Las playas no tenían bandera azul ni bandera alguna, ni vigilantes de la playa, a no ser la pareja de guardias civiles encapotados y nocturnos que prohibían encender cualquier luz en la misma. Había, por el contrario, manchas de alquitrán, insistentes y pegajosas, luego duras de quitar si no era despellejándose vivas las zonas afectadas (que eran muchas); había coquinas que se podían recoger sin problemas y en cierta cantidad; había algún chiringuito de cañizo o lonas en donde se comía lo que el pescador había traído en su salida nocturna.

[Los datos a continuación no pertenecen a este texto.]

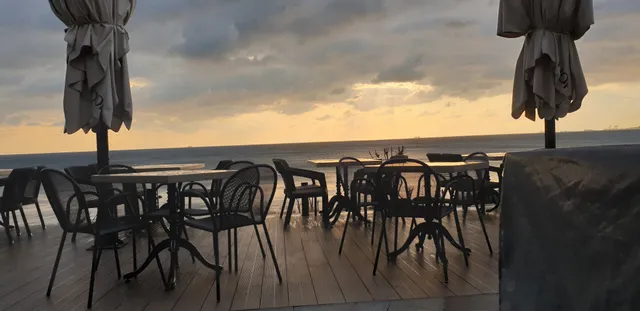 Memnuni By Günay Restaurant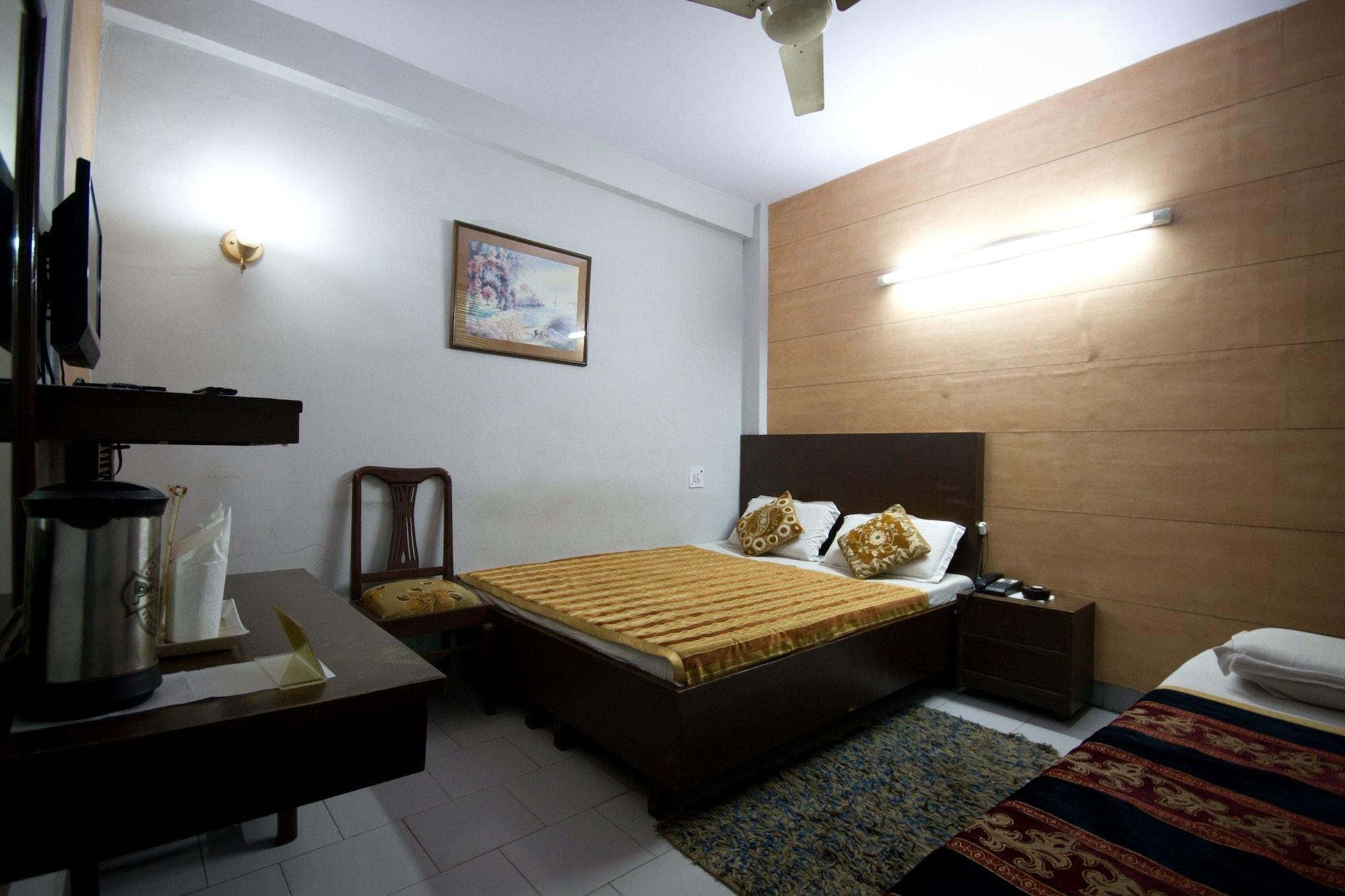 ניו דלהי Hotel Woodland Deluxe מראה חיצוני תמונה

Es cierto que empezaron a haber “suecas”; y entiéndase por suecas cualquier extranjera de buen ver y mejor tomar, que no le hiciese ascos a tres cosas básicas (y que creemos, todavía, perdurables): el sol, el vino y los machos hispanos.
Además del mar, otra cosa que no comprendíamos ‑o lo hacíamos tarde‑ era que también había sol. Bien tarde, porque eso de la protección ni se nos pasaba por la cabeza; que el sol del interior no la necesitaba. Y es que, en el interior, apenas si nos desnudábamos bajo el sol, o pocas zonas, y acá en la playa éramos de desnudo casi total y mucho tiempo expuestos a la acción solar. Cuando queríamos darnos cuenta, nuestros cuerpos, blanquísimos, se tornaban rojos y erupcionados de llagas purulentas y atrozmente dolorosas. Aceite y vinagre, nos recomendaban y untaban como remedio. Insolaciones; eso eran insolaciones como las copas de los pinos. Cuando nos reponíamos de aquello, con nuestro cuerpo marcado de zonas en diversa tonalidad (nada de ese bronceado perfecto y uniforme que ahora logramos), se acababa el periodo de estancia marina.
Mar que quedaba lejos y llegar se tornaba en largas horas de viaje, trasbordos, paradas e incomodidades, fuese donde fuese. Cansancio y calor, horas de sueño perdidas o mal empleadas, que se besaban cuando la meta estaba ya al alcance. La cosa de hoteles de tres, cuatro, cinco estrellas, con spas y yakuzis, piscinas (¡para qué piscina si estamos en la playa!) y demás servicios, que ahora nos parecen básicos o imprescindibles para una buena estancia, era ni siquiera pensada, pues se ignoraba su existencia. Pensiones, hostales a lo más, pisos francos o casitas costeras, si no se tenían parientes en la zona elegida, eran los refugios utilizados. Los más avanzados hasta se lanzaban a la acampada, y eran en general los que ya habían pisado suelos patrios más desarrollados que los nuestros. Gentes más modernas, vaya.
Mallorca era el mito. Antes todavía que Ibiza. Luego estaban las Canarias, meta de toda pareja de novios que dispusiese de posibles (o los invitados a la boda hubiesen sido generosos). El valor añadido de estos dos destinos era el uso del avión, primer bautismo aéreo. Luego se promocionaba Playa de Aro como destino de enamorados (había hasta un eslogan y un concurso radiofónico al respecto). La Costa Brava era cosa de los franceses y la del Sol empezaba a calentar arrugas de la carcunda franquista y “gentes de bien”.
El mar. Los mares. La mar, que dicen por la costa quienes de ella viven. Un lujo ya al alcance de todos… Hasta hoy día.